Patricia Gabaldón. Professor. IE Business School
14 February 2012
Economic reactivation is the best way to eradicate unemployment, get the deficit under control and get credit moving again. In order to achieve this, the government first has to inspire confidence.
There are three key reasons for Spain’s economic situation, namely the risk premium of Spanish bonds compared to those of Germany is out of control; 20% of its active population is unemployed; and it is having difficulties keeping the promise that it would control debt and public deficit. Mariano Rajoy’s government faces the enormous challenge of inspiring confidence and belief in the Spanish economy. It’s as simple and as complicated as that.
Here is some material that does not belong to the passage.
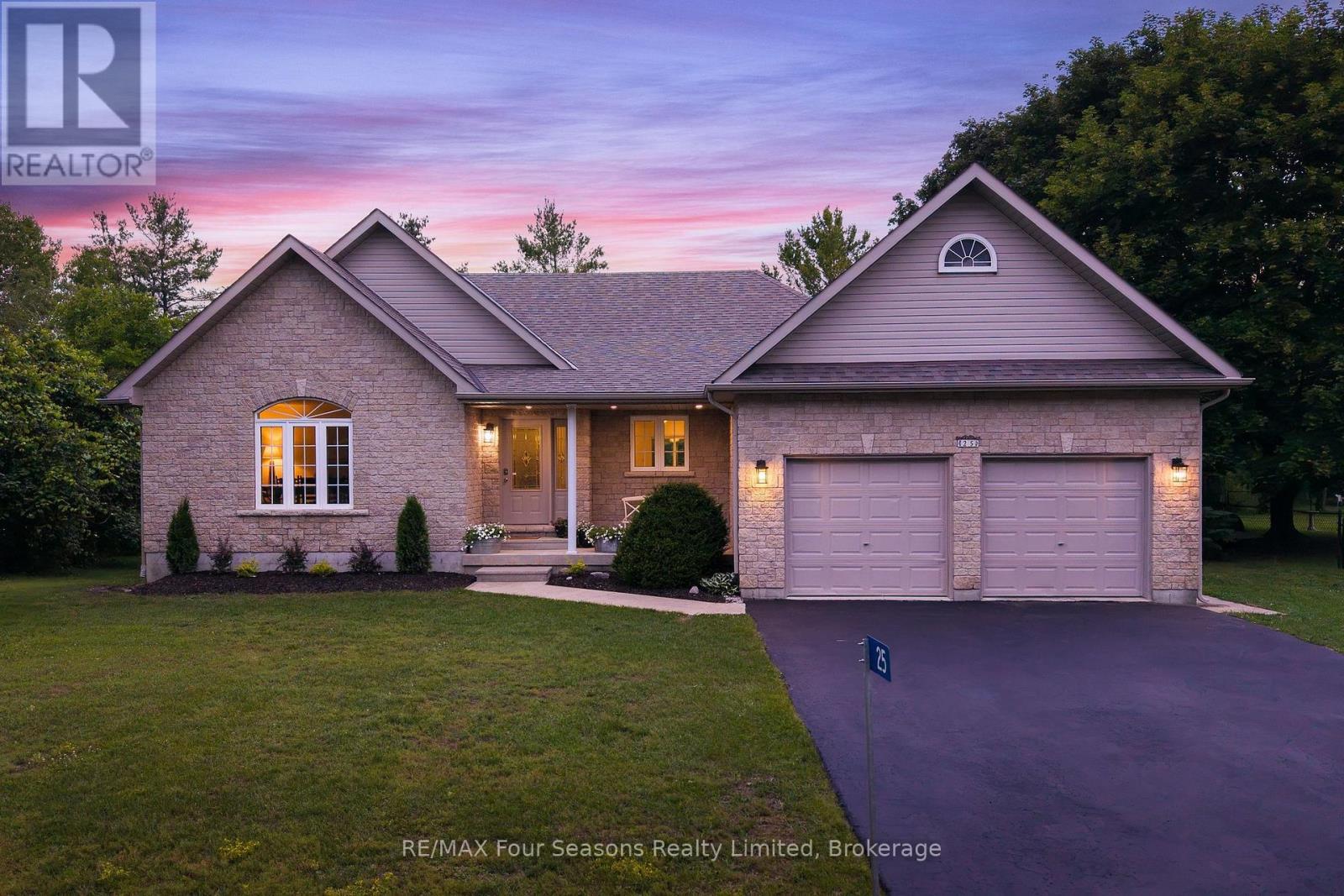 25 KELLEY CRESCENT, Wasaga Beach, Ontario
The main battle he will have to fight with his new executive will be over unemployment. The rate of unemployment stood at 21.5% in the third quarter of 2011 and looks set to grow over the next few months, being predicted to reach around 23%. And the problem does not only lie in the number of jobless, but rather in the fact that almost half of them have are long-term unemployed, making for further social problems and placing significant burden on public coffers. The problem can only be solved in two ways, which are not mutually exclusive: by promoting the growth of businesses and making the work market more flexible. It is not just a question of there being more businesses, it is about encouraging these businesses to take on more workers.
Entrepreneurship should be incentivized by the state, improving the business climate and access to funding, but also reducing taxes for new businesses, particularly those created in high value-added or technology-intensive sectors. Labor market reform should include a reduction in the cost of laying off workers, which would make firms less wary of contracting new employees. And the minimum social security payments need to be reduced to encourage part-time jobs.
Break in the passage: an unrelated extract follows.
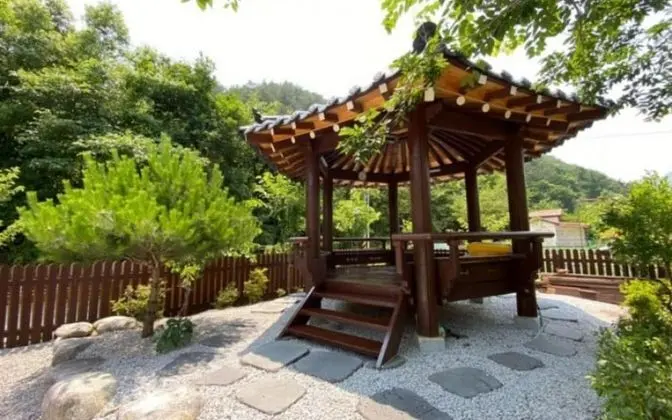 Sogeumgang Naetmulsori Pension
The second problem the Spanish economy faces is the public deficit, and, by extension, public debt. The Spanish government aims to keep public deficit at below 6% of gross domestic product at the end of 2012, but that means making significant cuts in current spending levels. The situation in Spain is a complex one and achieving these deficit and debt targets is essential in order to be able to stem potential rises in the cost of risk premiums in comparison to the German bond. Although it may seem complicated, if the government wants to avoid touching the main parts of spending (pensions, unemployment benefits, etc.), all it can do is improve income. The simplest way to improve state income would be a rise in VAT.
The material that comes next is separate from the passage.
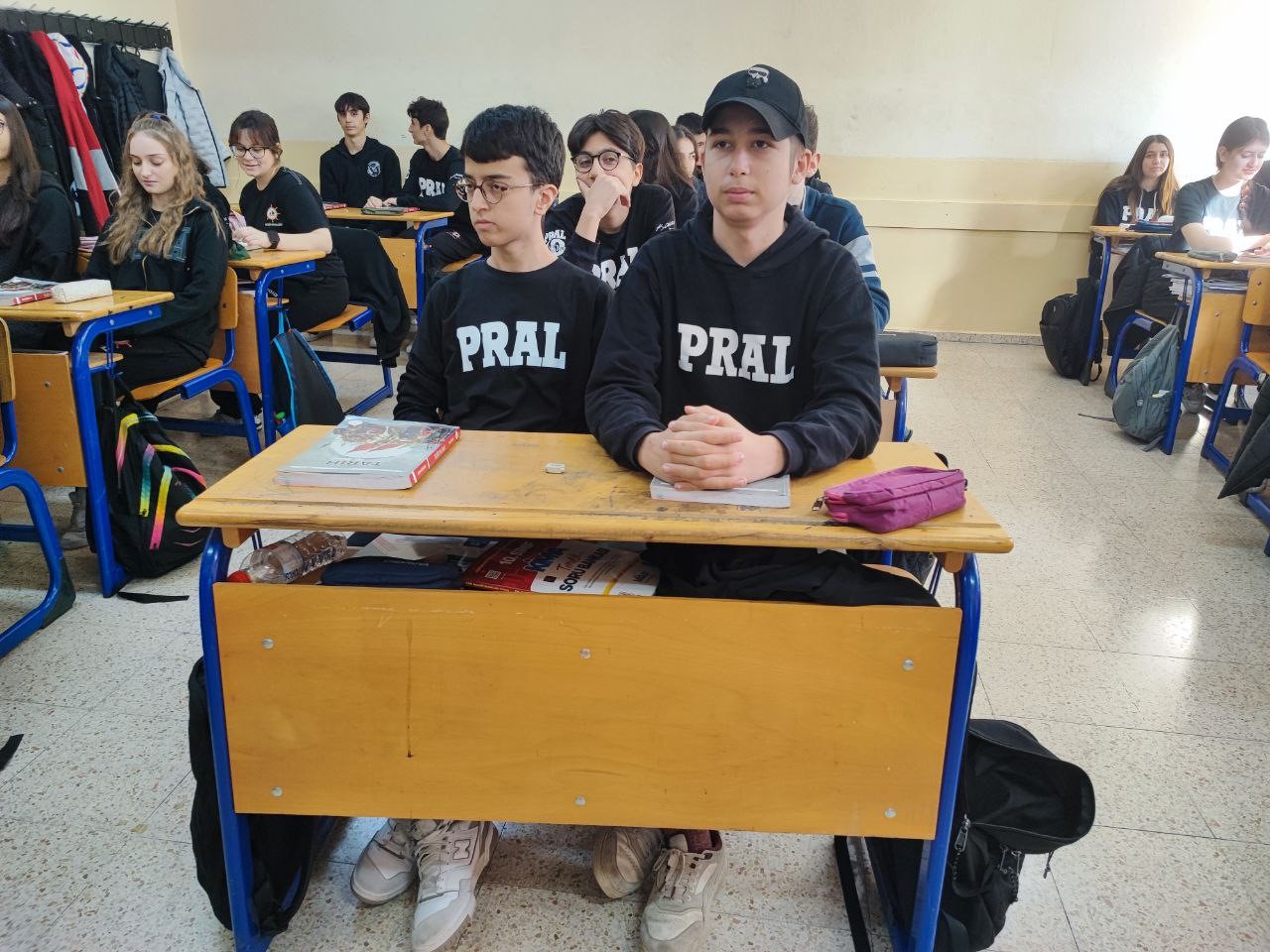 Adana’da Kanseri Yenen İki Öğrenciye Duygusal Karşılama.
Spain has one of the lowest rates of VAT in the EU. But the last VAT rise is still fresh in Spaniards’ minds, and it could slow down consumption among families, so perhaps it’s not the right moment to do it. One alternative would be to crack down on fraud, but that would not fill the state’s coffers in the short-term. In the face of this dilemma, perhaps the best course of action is to cut back as far as possible and streamline money collection mechanisms, especially where regional authorities and local governments are concerned. In any case, obviously the best way to improve state revenues is to reactivate the economy.
The third problem is the restructuring of the finance system. It is essential that the reform of Spanish savings banks be brought to a definite close in order for them to work efficiently. In spite of the mergers that have taken place in this sector over the last year, the Spanish finance system still needs to strengthen its capital in order to address possible losses derived from the European sovereign debt portfolio, which could continue to prevent access to credit, one of the key engines for business activity and economic growth. However, the lack of faith in the Spanish banking system does not only stem from a lack of capital, but also from the large number of buildings held by Spanish banks and savings banks, yet another of the problems that can only be solved with an improvement in the economic climate.
We could say that the three big problems with the economy are interrelated, or even that they are both a result of and a catalyst for the lack of confidence and credibility that is paralyzing the Spanish economy. Nevertheless, the first thing the new government should do is to be efficient, coherent and to honor their proposals and promises. It is the only way that they will revive the market’s flagging confidence.